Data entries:

• • • • • • •

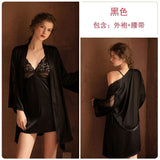 deanwangkt 3 Piece Lingerie Set with Robe Satin Pajamas Dress Cardigan Long Sleeve Top Sexy Sleepwear Bath Female Adult Nightwear Nightgown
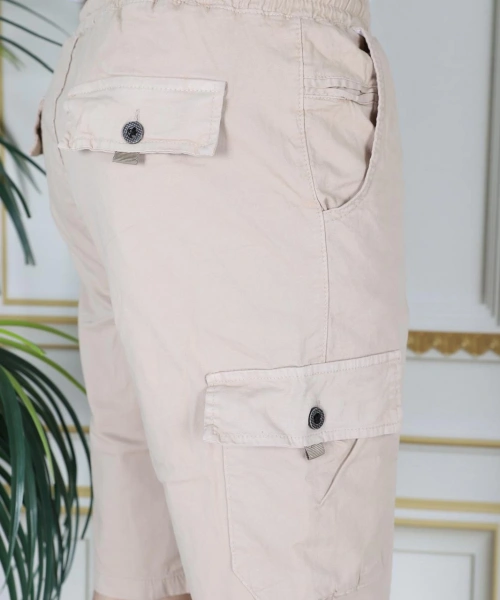 Erkek Krem Likralı Gabardin Şort Kargo Cepli Pamuklu Beli Lastikli Bağcıklı Basic Şort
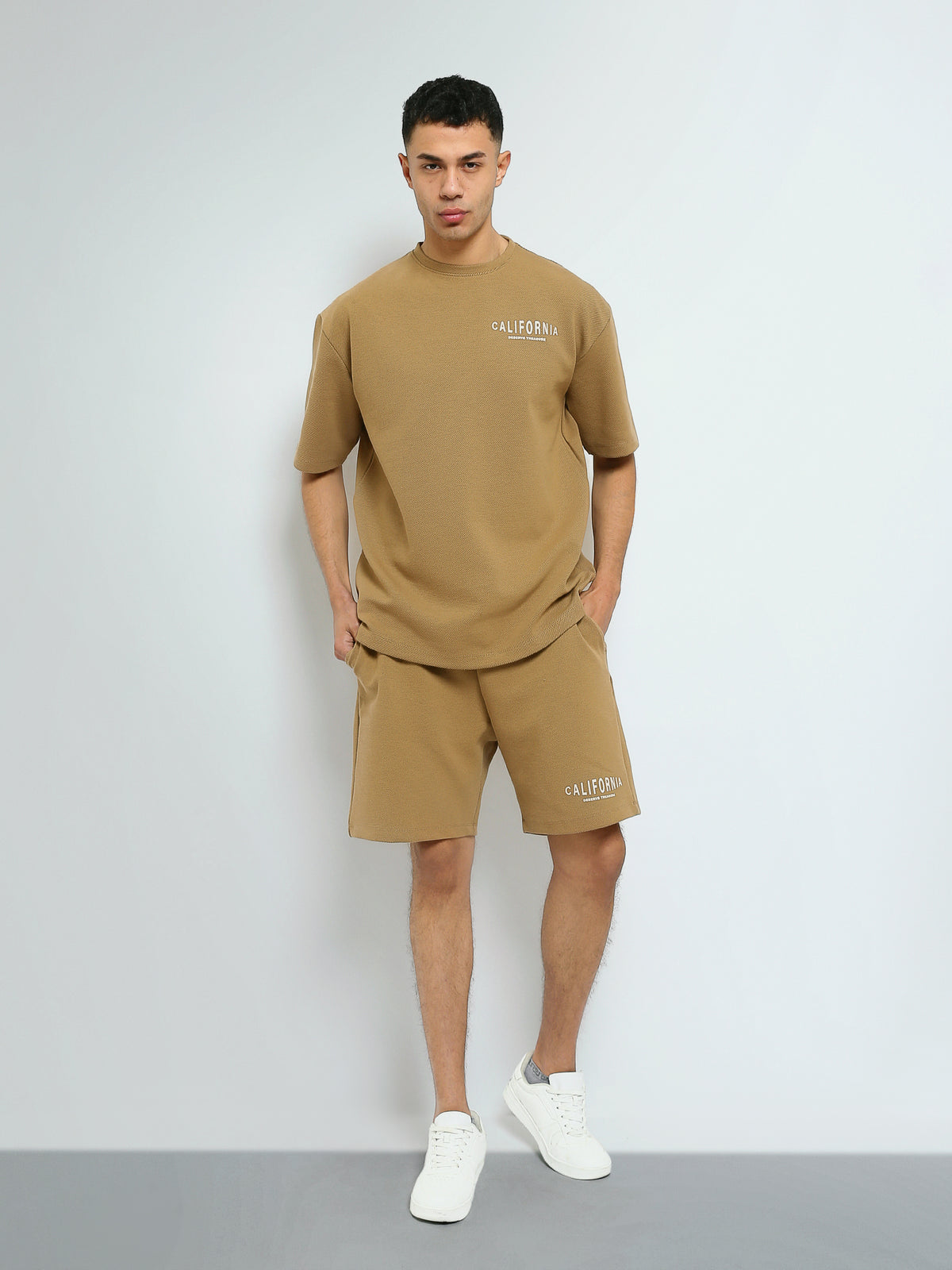 Town Team t-shirt sets printed oversized fit/relaxed fit Camel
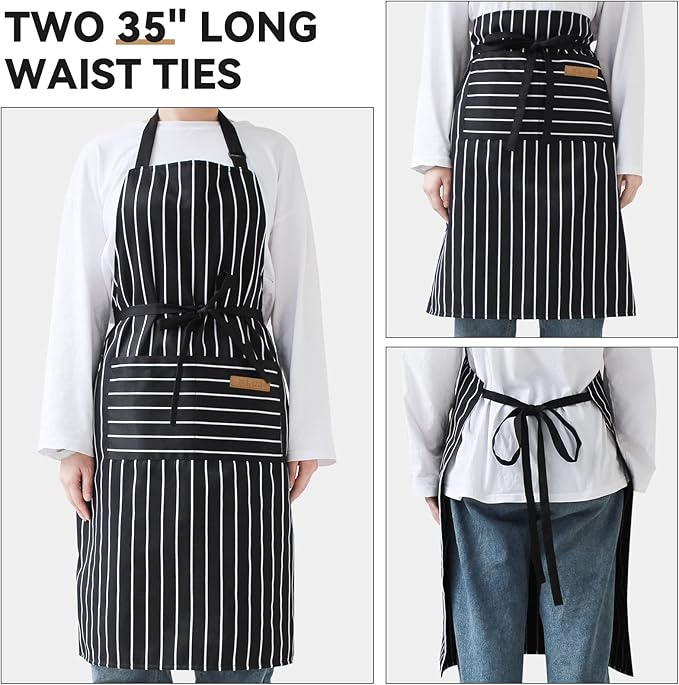 NLUS 2 Pack Cooking Aprons for Women with Pockets Adjustable Kitchen Bib Aprons for Women Men Chef, Black/White Stripe (Classic Black/White Stripes)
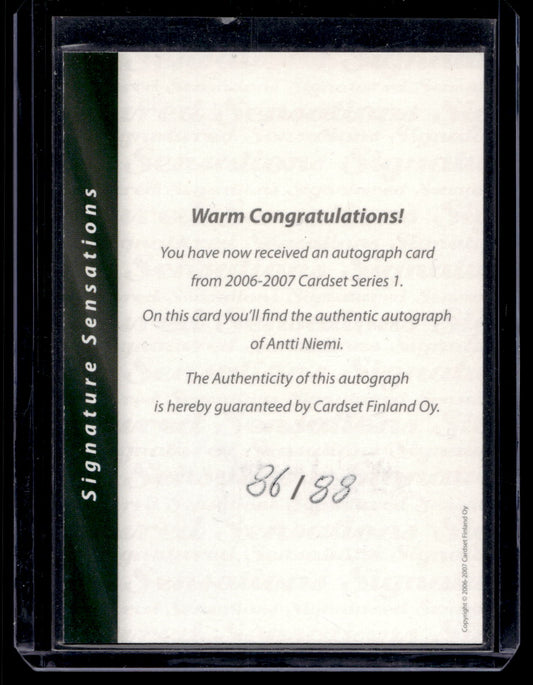 2006-07 Cardset Signature Sensations - Antti Niemi /88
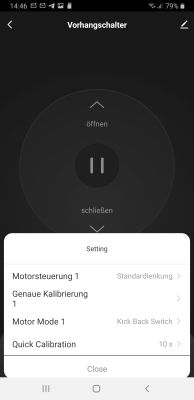 Curtain Switch Control Panel in the App App screen for controlling a curtain switch with visible settings options.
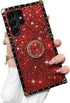 A13 for Samsung Galaxy A13 5G Bling Case,Luxury Bling Glitter Sparkle Cute Gold Square Corner Soft Trunk Cover with Finger Ring Grip Kickstand Pho...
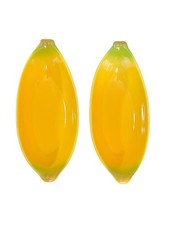 Vintage Set Of 2 Banana Split Boats Ceramic Hand Painted Bowls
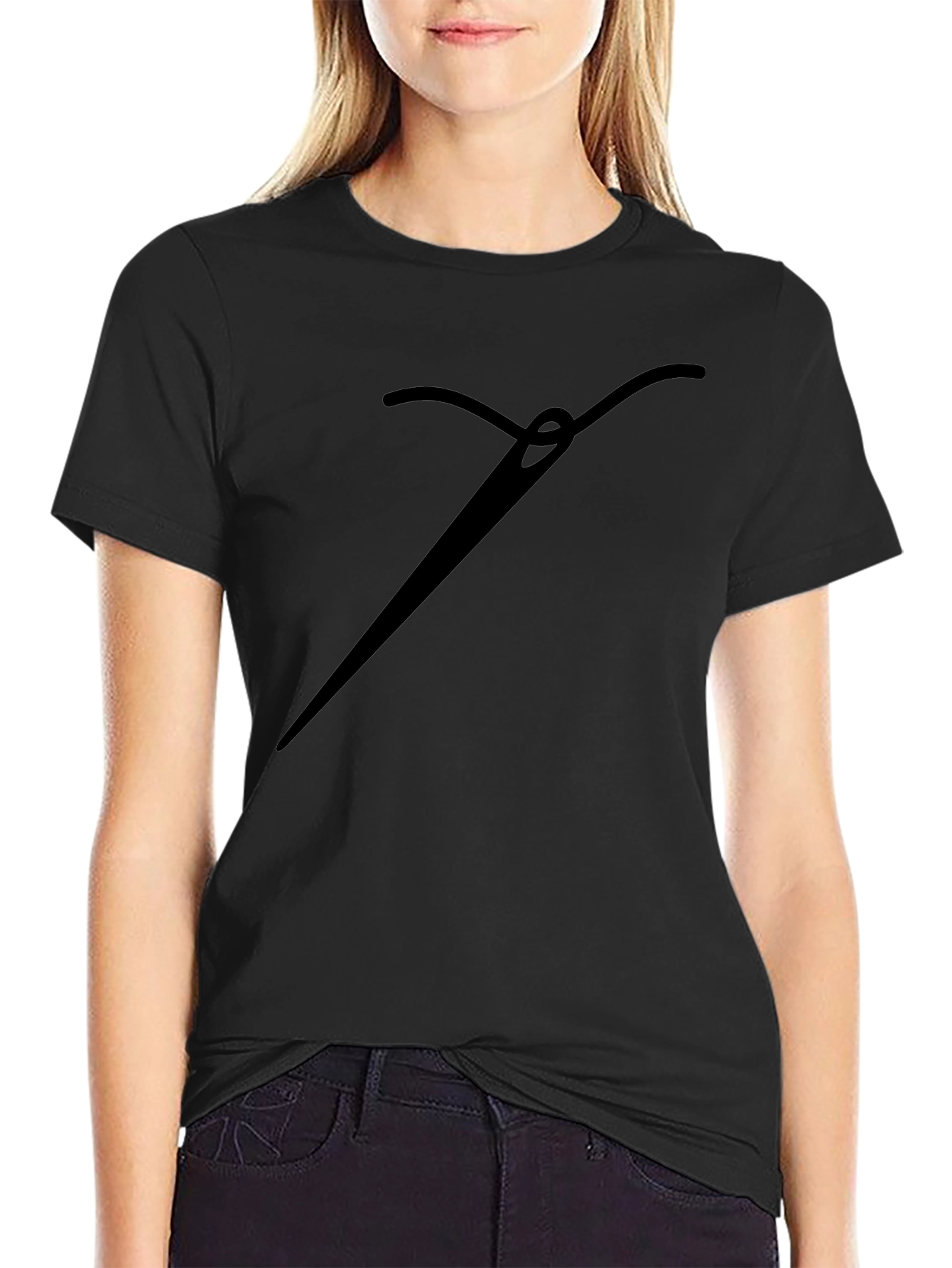 Sewing Needle Graphic Tee - Black Cotton Shirt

• • • • • • •

• _Problem statement_: Output the records above exactly as written, but leave out the pictures.

• _Your response_:
 deanwangkt 3 Piece Lingerie Set with Robe Satin Pajamas Dress Cardigan Long Sleeve Top Sexy Sleepwear Bath Female Adult Nightwear Nightgown
 Erkek Krem Likralı Gabardin Şort Kargo Cepli Pamuklu Beli Lastikli Bağcıklı Basic Şort
 Town Team t-shirt sets printed oversized fit/relaxed fit Camel
 NLUS 2 Pack Cooking Aprons for Women with Pockets Adjustable Kitchen Bib Aprons for Women Men Chef, Black/White Stripe (Classic Black/White Stripes)
 2006-07 Cardset Signature Sensations - Antti Niemi /88
 Curtain Switch Control Panel in the App App screen for controlling a curtain switch with visible settings options.
 A13 for Samsung Galaxy A13 5G Bling Case,Luxury Bling Glitter Sparkle Cute Gold Square Corner Soft Trunk Cover with Finger Ring Grip Kickstand Pho...
 Vintage Set Of 2 Banana Split Boats Ceramic Hand Painted Bowls
 Sewing Needle Graphic Tee - Black Cotton Shirt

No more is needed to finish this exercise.